CREATE DICTIONARY
Creates a dictionary that enables real-time data access from external sources. Dictionaries allow Databend to query data directly from external systems like MySQL and Redis without traditional ETL processes, ensuring data consistency and improving query performance.
Syntax
CREATE [ OR REPLACE ] DICTIONARY [ IF NOT EXISTS ] <dictionary_name>
(
<column_name1> <data_type1> [ DEFAULT <default-value-1> ],
<column_name2> <data_type2> [ DEFAULT <default-value-2> ],
...
)
PRIMARY KEY <primary_key_column>
SOURCE(<source_type>(<source_parameters>))
When a dictionary is created, Databend establishes a connection to the specified external data source. The dictionary can then be queried using the dict_get()

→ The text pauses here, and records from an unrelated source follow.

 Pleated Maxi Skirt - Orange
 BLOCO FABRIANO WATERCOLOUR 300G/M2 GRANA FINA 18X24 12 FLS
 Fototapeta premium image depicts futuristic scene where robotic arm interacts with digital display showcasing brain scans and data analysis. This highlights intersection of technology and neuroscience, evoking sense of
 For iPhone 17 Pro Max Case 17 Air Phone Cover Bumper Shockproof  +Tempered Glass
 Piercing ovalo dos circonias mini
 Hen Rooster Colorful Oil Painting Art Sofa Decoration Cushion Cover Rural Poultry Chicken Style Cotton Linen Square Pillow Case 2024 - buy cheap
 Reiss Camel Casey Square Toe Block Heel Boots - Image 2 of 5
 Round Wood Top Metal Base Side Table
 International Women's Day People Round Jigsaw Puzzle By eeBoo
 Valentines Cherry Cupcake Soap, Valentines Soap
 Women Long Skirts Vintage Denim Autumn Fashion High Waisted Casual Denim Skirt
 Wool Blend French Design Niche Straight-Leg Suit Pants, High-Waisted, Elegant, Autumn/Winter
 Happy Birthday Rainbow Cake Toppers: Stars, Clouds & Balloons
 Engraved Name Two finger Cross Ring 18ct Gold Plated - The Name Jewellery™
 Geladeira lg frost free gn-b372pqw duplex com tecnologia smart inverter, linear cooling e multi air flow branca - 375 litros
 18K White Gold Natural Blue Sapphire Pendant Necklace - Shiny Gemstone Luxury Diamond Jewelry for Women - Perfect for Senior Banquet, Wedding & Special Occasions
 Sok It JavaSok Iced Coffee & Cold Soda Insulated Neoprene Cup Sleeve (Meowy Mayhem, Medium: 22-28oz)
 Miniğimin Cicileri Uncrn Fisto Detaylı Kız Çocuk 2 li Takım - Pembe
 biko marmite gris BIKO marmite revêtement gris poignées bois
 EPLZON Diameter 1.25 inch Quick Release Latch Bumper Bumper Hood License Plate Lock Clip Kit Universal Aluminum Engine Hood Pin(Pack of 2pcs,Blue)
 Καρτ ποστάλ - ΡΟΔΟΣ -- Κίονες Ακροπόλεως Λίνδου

function to retrieve data directly from the source at query time.
Parameter | Description |
---|---|
<dictionary_name> | The name of the dictionary to be referenced in queries. |
<column_name> | The name of a column in the dictionary. These columns define the structure of data that can be retrieved from the external source. |
<data_type> | The data type for each column. For MySQL sources, Databend supports boolean, string, and numeric types (including int, bigint, float32, float64). For Redis sources, only string type is supported. |
<default-value> | Optional default value for a column when no value is found in the external source. This ensures queries return meaningful results even when data is missing. |
<primary_key_column> | The column used as the lookup key when querying the dictionary. This should correspond to a unique identifier in the external data source. |
<source_type> | The type of external data source. Currently supported: MYSQL or REDIS . Future versions will support additional sources. |
<source_parameters> | Connection and configuration parameters specific to the selected source type. |
MySQL Parameters
The following table lists the required and optional parameters for configuring a MySQL data source:
Parameter | Required? | Description |
---|---|---|
host | Yes | The IP address or hostname of the MySQL server. |
port | Yes | The port on which the MySQL server is listening. |
username | Yes | The username used to connect to the MySQL server. |
password | Yes | The password associated with the username to access the MySQL server. |
db | Yes | The name of the database on the MySQL server from which the data will be pulled. |
table | Yes | The name of the table in the database where the data resides. |
Redis Parameters
The following table lists the required and optional parameters for configuring a Redis data source:
Parameter | Required? | Description |
---|---|---|
host | Yes | The hostname or IP address of the Redis server. |
port | Yes | The port number of the Redis server. |
username | No | Username if the Redis server requires user authentication. |
password | No | The password for user authentication. |
db_index | No | Specifies the Redis database index, default is 0. The index ranges from 0 to 15, as Redis supports 16 databases indexed from 0 to 15. |
Examples
MySQL Dictionary Example
The following example creates a dictionary named courses_dict
using data from a MySQL database:
CREATE DICTIONARY courses_dict
(
course_id INT,
course_name STRING
)
PRIMARY KEY course_id
SOURCE(MYSQL(
host='localhost'
port='3306'
username='root'
password='123456'
db='test'
table='courses'
));
Redis Dictionary Example
The following example creates a dictionary named student_name_dict
using data from a Redis data source:
CREATE DICTIONARY student_name_dict
(
student_id STRING,
student_name STRING
)
PRIMARY KEY student_id
SOURCE(REDIS(
host='127.0.0.1'
port='6379'
));
Usage with dict_get()
After creating a dictionary, you can query it using the dict_get()
function:
-- Query student information using the dictionary
SELECT
student_id,
dict_get(student_name_dict, 'student_name', to_string(student_id)) as student_name,
course_id,
dict_get(courses_dict, 'course_name', course_id) as course_name
FROM student_scores;
This approach enables real-time data integration across multiple sources without complex ETL processes.